MonthApril 2013

Interpretive Signage

We’re venturing into my office life for this one …

The great thing about being the sole designer for an agency is that you frequently get a variety of projects in many different media. One that I find particularly interesting, especially all the research done on them, is interpretive signage. We have been working to provide interpretive signage for our state parks.

The process for these signs is fascinating to me. Some of our parks have long-term interpretive plans developed, and some don’t. The plans provide a topic for each sign, and if there is no plan, the superintendents are quizzed about issues for the park that could be addressed on a sign (e.g. trash or trail etiquette). They consider the history of the area (e.g. what did the park used to be), and what is there now that people might be curious about (e.g. flora and fauna, building remains).

Then comes the research and writing – then more concise writing and editing. And then they visit the state archives or a specialist for fact checking and images.

Finally it comes to my hands to design. In the beginning, we researched in interpretive design books, photographed examples of others’ signs and spoke with National Park Service interpretive experts about:

    font sizes
    (Did you know for large signs viewed from three-feet, 24 pt. is the smallest recommended point size? Think captions here.)

    font styles
    (There is some debate about serif versus san serif for these. Because the quantity of text is supposed to be limited for a sign we opted for san serif.)

    using imagery instead of text
    (Did you know there should be no more than 250 words per sign, including captions?)
    Photos, maps and illustrations can often show a topic much better than it can be explained.

    (Did you know white is a no-no on sign backgrounds because it can glare badly in the sunlight?)

    contrast testing
    (Did you know there are websites that can help you determine if you have enough contrast to ensure your text is readable?)

Here are some examples of the signs I’ve done. I certainly haven’t done all, or even the majority, of our parks signs, but I do find the process interesting. It’s been a nice chance to collaborate with others in the design world and receive their feedback.

One more fun fact for you about interpretive signs: Did you know that a poorly written or designed sign is much more likely to be vandalized than a well done sign?
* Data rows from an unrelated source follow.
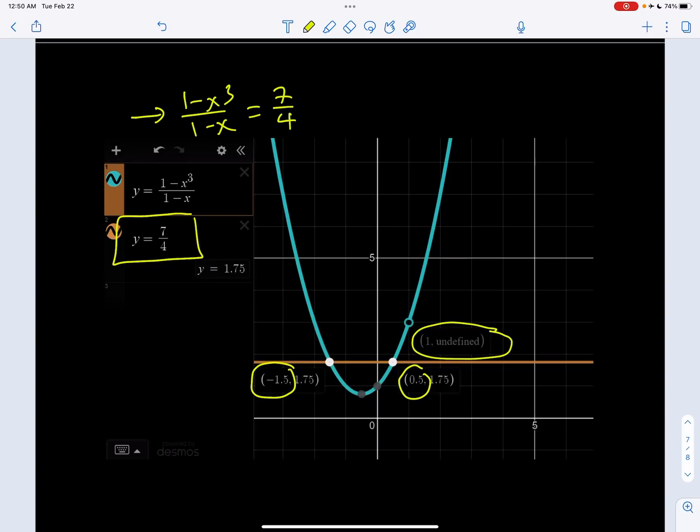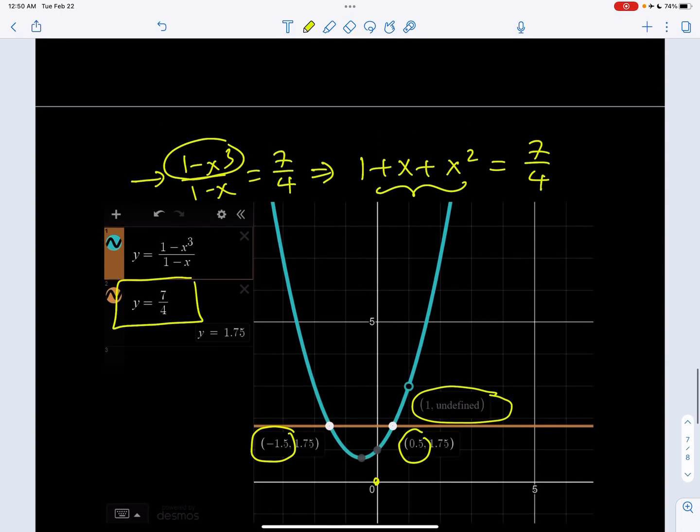Let's see why this is shaped like a parabola — and it actually is a parabola. The only issue is we have a hole because it is undefined at x equals 1. Remember, we had simplified this before using difference of two cubes, and when we did, we got 1 plus x plus x squared. That's definitely a parabola that doesn't intersect the x-axis because its discriminant is less than 0, so it has no real roots, but it intersects the horizontal line y equals 7 fourths at two points. We can only accept one of these values for our infinite series.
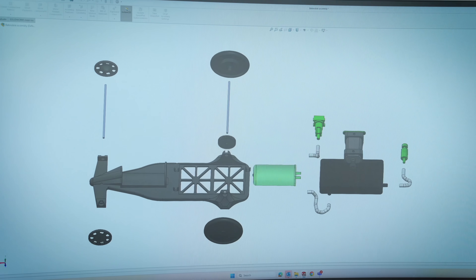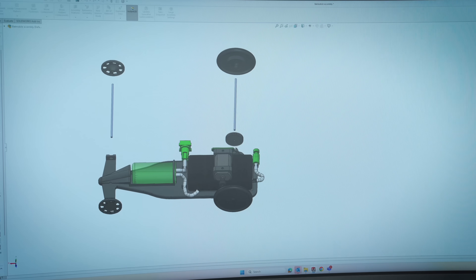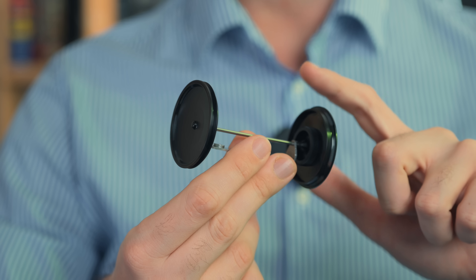We intentionally developed the sprint car and the sprint curriculum in a way that encourages innovation. Maybe you want to design an aerodynamic chassis to have a better chance of winning your next sprint race using our portable practice track, or 3D print new tires with improved traction to see how it affects efficiency.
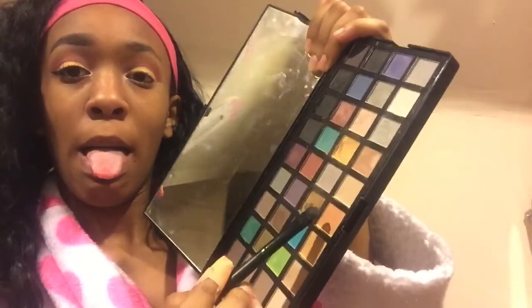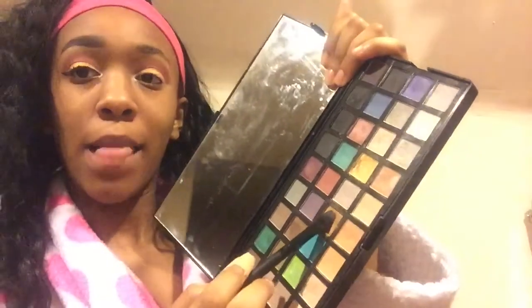I'm going to take this white eyeliner pencil, put it in my inner corner, and then take another shimmering eyeshadow and put it on top of that in the inner corner just for a pop of white. And now I'm going to take this brown shade and put it on my bottom lash line.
It definitely pays to invest time and effort into the production of these.

My designer takeaway: Being at least aware, if not involved in, the whole creative process of a piece can produce a better end product and a more enjoyable design process.

Text-Only Design

I think back to my senior year of college and a particular course that was supposed to prepare us for the dreaded “real world”. (In all fairness, I think they gave us some great information.) One of the things I remember them telling us was not to do design work for free (even for friends and family). The instructors told us it was like saying our skill set wasn’t worth anything. Well, many years later, I’ve done it. I’m sure we’ve all done it. This is one of those projects where I actually feel okay about donating my time.

I think every family has some major issue that they’ve dealt with, and the one that touched mine was a rare cancer nicknamed GIST. After all the time with the doctors, we found ourselves with this great support group in Colorado full of people who have been there and understand. The group wanted to help people diagnosed with GIST before they even knew the support group existed. Putting their heads together, they came up with a list of things a new GIST patient would want to talk about with his or her doctor. They wanted to make it into a brochure for oncologists’ offices. (If you’ve dealt with medical issues, you know that at first it’s all so foreign that you don’t know enough to even ask questions — you don’t know what you don’t know.) I felt like this project might really help someone newly diagnosed get up to speed faster on what they have and how to talk about it.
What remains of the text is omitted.